▪ DUA PULUH EMPAT ▪

925 45 2
                                    

"Seharusnya aku hanya diam memendam, bukan mengungkapkan. Karena hatimu tertutup bagi siapa saja yang berniat masuk."
___

"Astaga, tangan lo kenapa?" tanya Ruby kepada Ran yang baru saja duduk di kursinya.

"Tangan lo patah atau gimana?" timpal Grace yang menatap Ran khawatir.

Ran tersenyum tipis pada Grace dan Ruby sebelum menjawab pertanyaan mereka. "Nggak apa-apa, kok. Cuma retak aja."

"Kok bisa?" Grace heran.

"Jatuh gara-gara jadi flyer kemarin," jelas Ran.

"Lagian ngapain nurutin Rey? Dia cuma mau ngerjain lo doang. Lagi pula, dia temen deket lo dari SMP. Harusnya dia tahu kalau lo nggak bisa cheers," gerutu Ruby. Mulutnya sudah gatal ingin mengeluarkan sumpah serapah untuk Rey.

"Bener, Ran. Lo kalau udah cinta nggak usah sampai bego banget. Itu sama aja nyiksa diri lo sendiri. Sekarang lihat, kan, perjuangan lo buat Rey selama ini sia-sia? Dia belum bisa move on dari Tara. Sekuat apa pun lo berjuang bakal percuma. Bahkan, Rey aja nggak menghargai perasaan lo." Grace kembali menimpali dengan nada yang dinaikkan satu oktaf.

"Biarin aja, gue juga udah terbiasa. Kalau udah lelah gue juga bakal nyerah. Tapi gue nggak tahu kapan," jawab Ran seraya tersenyum sendu.

"Kalau ada orang yang suka sama lo gimana?" tanya Ruby yang membuat Ran terdiam sejenak. Pertanyaan cewek itu membuat ingatan Ran terlempar pada kejadian lima tahun lalu. Tepat di mana seseorang menanyakan hal serupa.

Ran mengedikkan bahunya, tidak tahu ingin menjawab apa.
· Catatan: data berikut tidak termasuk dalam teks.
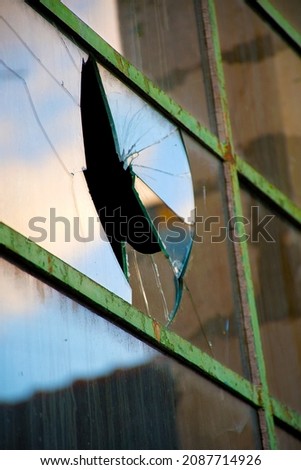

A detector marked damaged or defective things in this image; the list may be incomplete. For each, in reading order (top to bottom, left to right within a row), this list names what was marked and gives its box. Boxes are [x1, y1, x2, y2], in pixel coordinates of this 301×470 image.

broken window pane [0, 0, 131, 302]
broken window pane [62, 0, 214, 130]
broken window pane [81, 57, 195, 324]
broken window pane [0, 258, 260, 448]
"Emang bener, ya, cinta sama bego itu beda tipis. Wujud nyatanya itu lo," ucap Grace, matanya tertuju pada perban yang melilit di pergelangan tangan Ran.

Ran hanya menanggapi itu dengan helaan napas panjang.

☁️☁️☁️

"Apa di antara kalian ada tahu kenapa dua hari ini Joni tidak masuk sekolah?" tanya Bu Nita selaku guru Fisika sekaligus wali kelas XII IPA-2.

Semua murid kompak menggeleng. Termasuk Alan yang memasang tampang tak berdosa.

"Emangnya kalian nggak dapat kabar dari Joni?" tanya Bu Nita kembali.

"Enggak, Bu!" semua menjawab, namun Alan-lah yang menjawab paling lantang.

Paling tuh bocah lagi terbaring dengan kondisi mengenaskan di rumah sakit, batin Alan.

"Joni lagi nyuci daster Emaknya, Bu!" celetuk Leon yang membuat semua orang di dalam kelas tertawa renyah. Kecuali Bu Nita yang memberi pelototan gratis pada Leon.

"Ibu lagi nggak bercanda!"

"Saya juga enggak, Bu," jawab Leon yang membuat guru gemuk itu geleng-geleng kepala.

"Ya sudah, kalian belum boleh ke luar sampai ada bunyi bel istirahat. Ibu pamit dulu," ucap Bu Nita, lalu melangkah keluar kelas.

"Lo tahu nggak Joni kenapa?" Rey menghadap belakang untuk berbicara pada dua sahabatnya.

"Kan, udah gue bilang dia lagi nyuci daster," jawab Leon.

Alan menoyor kepala Leon. "Bukan itu, pe'a!"

"Lo juga nggak tahu, Lan?" tanya Rey pada Alan.

Alan menggeleng seraya mengedikkan bahunya.

"Baguslah dia nggak masuk. Kelas jadi tentram dan nggak ada yang ngotot buat nyari ribut," ucap Rey, kemudian tersenyum senang.